One of the earliest modern statuary monuments erected in Chiang Mai was dedicated to Khruba Sriwichai (1878-1938), a charismatic monk best known for his resistance to Bangkok policies of military conscription, his ambitious career of temple restoration, and his construction of a road from the edge of the city to the mountain-top temple on Doi Suthep, all of which made him something of a thorn in the side of Bangkok authorities. 5

The push to construct a monument to Khruba Sriwichai started locally, particularly with the first MP for Chiang Mai, Luang Sri Prakad. The archival record amply documents his enthusiasm for the monument, and his efforts to promote it within the government and to install it at the foot of Doi Suthep. 6 At first glance, it might seem surprising to find a monument to such a troublesome figure for Bangkok supported so strongly by the central state. Though it might be too simplistic to suggest that this statue is part of a broader move towards acknowledging provincial diversity, 7 the monument certainly has become a focal point for “locally or regionally based discourses.” 8 In responding to local initiative, Bangkok was attempting to incorporate the legacy of this charismatic and problematic monk. This was not the first effort in this regard. For instance, in 1946 the Thai monarchy sponsored an official cremation, after which his remains were divided in six portions and distributed around the provinces of the north. 9 At the time of his death in 1938, he remained a symbol of northern identity that was at best different, and at worst in opposition to that of Bangkok-dominated Siamese/Thai national identity. When the monument was installed in 1956, only 18 years later, personal memory was still salient to the creation and reception of this monument. The monument to Sriwichai may have sought to ‘tame’ the memory of the problematic monk by transferring some of his charisma to the central state, but it also remained open to local discourses of memory.

Khruba Sriwichai Monument, Chiang Mai  (Photo by Taylor Easum, 2009)
Khruba Sriwichai Monument, Chiang Mai (Photo by Taylor Easum, 2009)

 

The Thai state shaped this memory through the work of the sculptor Silpa Bhirasri. 10 A naturalized Thai citizen originally from Florence, Italy, Silpa was later considered the father of modern Thai art, as well as Prime Minister Phibun Songkhram’s chief statuary propagandist. It was during the Phibun era, Maurizio Peleggi writes, that statuary monuments were “deployed as a vehicle of political propaganda.” 11 Silpa produced notable statues in Bangkok, such as the Taksin equestrian monument, and he designed one of the most famous monuments in Bangkok, the Democracy Monument. 12 He also trained other sculptors, including Khiem Yimsiri, who assisted him with sculpting and casting the Sriwichai statue, and Khaimuk Chuto, who would create the most well-known monument in Chiang Mai 27 years later – the Three Kings Monument.

Three Kings

The most popular—and popularly reproduced—monument in Chiang Mai is located in its center and consists of three royal figures: Phya Mangrai, Phya Ngam Muang, and Phya Ruang, more commonly known as Ramkhamhaeng, a thirteenth century king from Sukhothai, and the progenitor of the notion of benevolent kingship in Thai history. 13 The monument tells the story of the founding of the city in 1296, when these three met to determine the location, layout, and size of Mangrai’s new city, which was to serve as the capital of his new kingdom of Lanna.

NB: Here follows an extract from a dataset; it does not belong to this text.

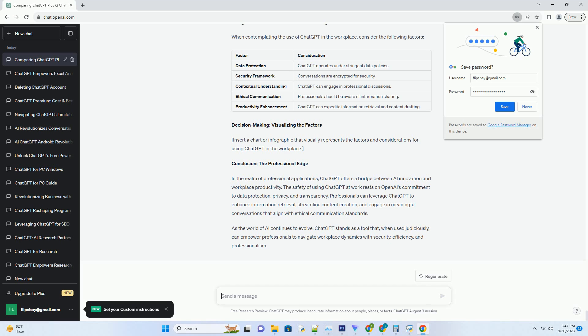Case study: ChatGPT in action. Let's delve into a scenario to illustrate the safe use of ChatGPT in a professional setting. Scenario - conducting research. Imagine a marketing professional who needs to gather market research data for an upcoming campaign. Instead of spending hours scouring the internet, the professional decides to use ChatGPT.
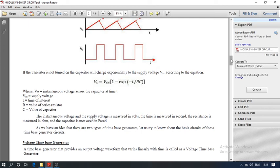In this lecture we understood the method of generating a time-based waveform, the types of time-based generators, and what a time-based generator or sweep circuit is. In the next video we will see the voltage time-based generator, current time-based generator, and other methods such as Miller integration and bootstrap. Thank you.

The monument had a complicated genesis, and actually began as a local movement to erect a monument to Mangrai alone. 14 In 1969, the local committee formed to facilitate efforts to commemorate Mangrai contacted the Fine Arts Department (FAD) to arrange for the design of the monument, and the minister of education, Sukit Nimmanhemin, to secure the land and the support of the FAD. In the summer of 1969, at the minister’s suggestion, the FAD transformed the notion of a monument to Mangrai into a monument to three kings. Why? As the government explained one year later, the proliferation of statuary monuments had the potential to cause ‘confusion’—meaning create historical memory not approved by Bangkok. In March 1970 the government announced a new policy: any plans for monuments or memorials to important figures had to be submitted to the government for consideration. 15 The problem of provincial statuemania had become a concern at the highest levels of government. Nevertheless, the question of the change from one to three kings continued to gain interest. On June 5th, the local newspaper asked “Monument to Mangrai: Are One or Three Kings Better?” The governor of Chiang Mai complained that inclusion of the other kings would lessen the importance of Mangrai, and that it would require additional explanation, particularly for the younger generation. 16 The local descendants of the old Chiang Mai monarchy likely preferred a monument to Mangrai alone as well. 17

The Three Kings Monument, Chiang Mai (Photo by Taylor Easum 2009)
The Three Kings Monument, Chiang Mai (Photo by Taylor Easum 2009)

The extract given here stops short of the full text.